Wylie’s caravel, launched in 2011, is called Notorious. And she cuts a menacing figure, thanks to a cheeky Jolly Roger flag, huge handmade triangular sails, and a period-correct coating of “black varnish” – tar and linseed oil. At 19 metres, Notorious is smaller than the fanciful galleons in the Pirates of the Caribbean movies, but she still boasts the unmistakable hull lines of something Jack Sparrow wouldn’t mind being seen skippering.
“Caravels were mostly built by eye,” says Wylie, “so that’s what I did. Lots of stability calculations, but everything above the waterline is based on artwork from the time.”
After 10 years of building and an incredible tale of moving this 58 tonne ship more than 20 kilometres overland to its launch point, Wylie was able to take his caravel for a spin.
“She handles absolutely beautifully,” he says. “We were in an eight-metre swell, and we weren’t even getting water on the deck.”
From jaunts in Bass Strait and the Southern Ocean, Wylie is sure of one thing. It would have been entirely possible for the Portuguese to sail a caravel to Victoria.
“Absolutely,” he says. “Not a problem at all.” With a full crew and provisions, a caravel can go almost anywhere. Which raises an interesting wrinkle in the Mahogany Ship legend. Highly manoeuvrable ship, in a sheltered bay, on sand, nowhere near cliffs or rocks. What’s not right here?
“I cannot believe in this area, in these waters, that an experienced crew could wreck a caravel,” says Wylie. “If the ship was grounded, she was beached deliberately.”
But why would the crew do such a thing? Wylie has a theory based on his research of the more practical side of caravel ownership.
“It turns out many of these ships only lasted four or five years,” he says. “They were built fast and on the cheap by dodgy shipwrights, and there was often lots of sawdust left in places where it could get waterlogged and cause problems.”
Wylie says that many caravels spent their operating lifetimes in the tropics, and had little protection against shipworm.
“I read stories of rudders just falling off, of crews unable to keep water out of the hull,” he says. From this, Wylie suggests that a multi-ship expedition would likely abandon a problematic caravel rather than try to sail it all the way back to Europe.
But if the idea of an accidental shipwreck seems unlikely to Wylie, does he believe the Mahogany Ship is real at all?
“The people who saw this wreck [in the 1830s] were experienced boat people, one of them was the harbourmaster. I believe they definitely saw something.”
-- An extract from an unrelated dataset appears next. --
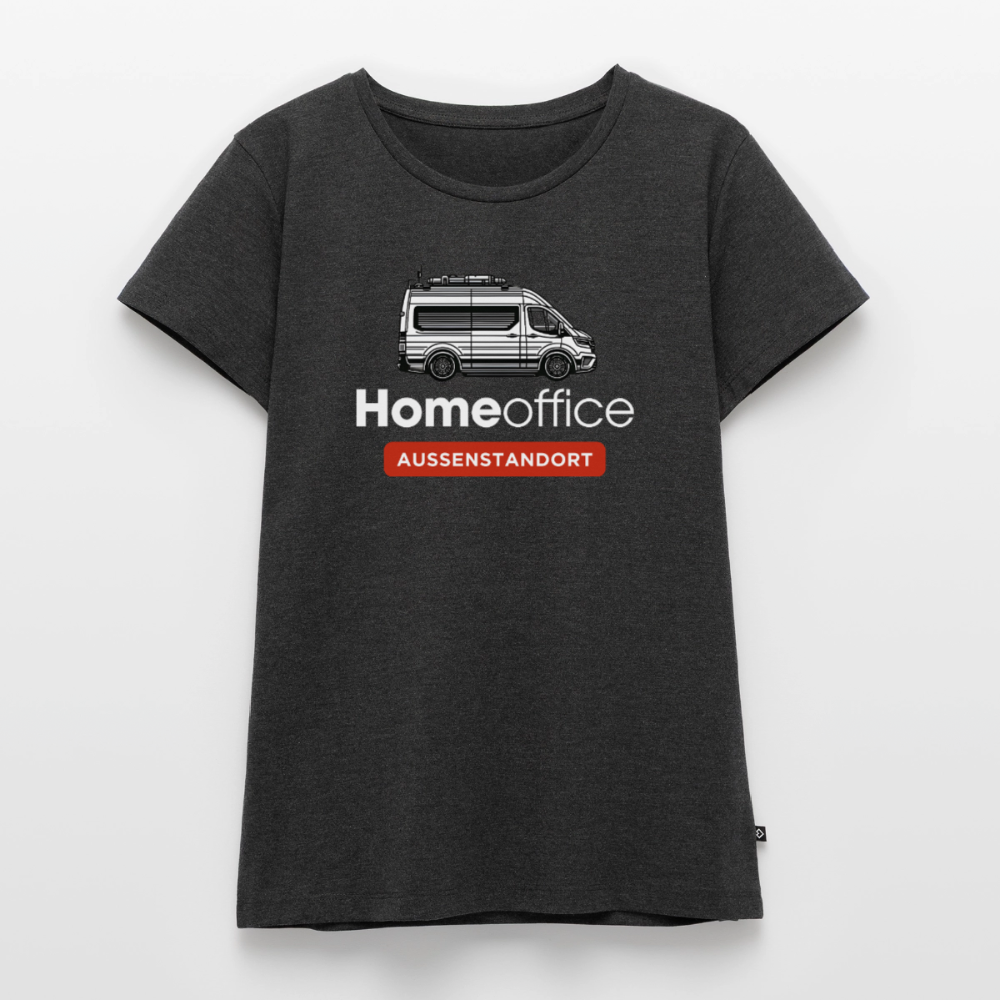 Vanlife Homeoffice - Damen Camping T-Shirt - Anthrazit meliert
Meanwhile, out in the dunes, thousands of pieces of worn driftwood slowly work their way up and down the beach as the wind blows through the grass and the sand shifts.
Some of those pieces are from Venetian or Dutch or even English ships, wrecked long ago off the Cape of Good Hope, flotsam drifting to wash up decades later in Victoria.
But just maybe, somewhere under that sand, there’s lies the proud backbone of an old caravel, or carrack, or galleon, just waiting for a big storm or a king tide to show her to the world once more.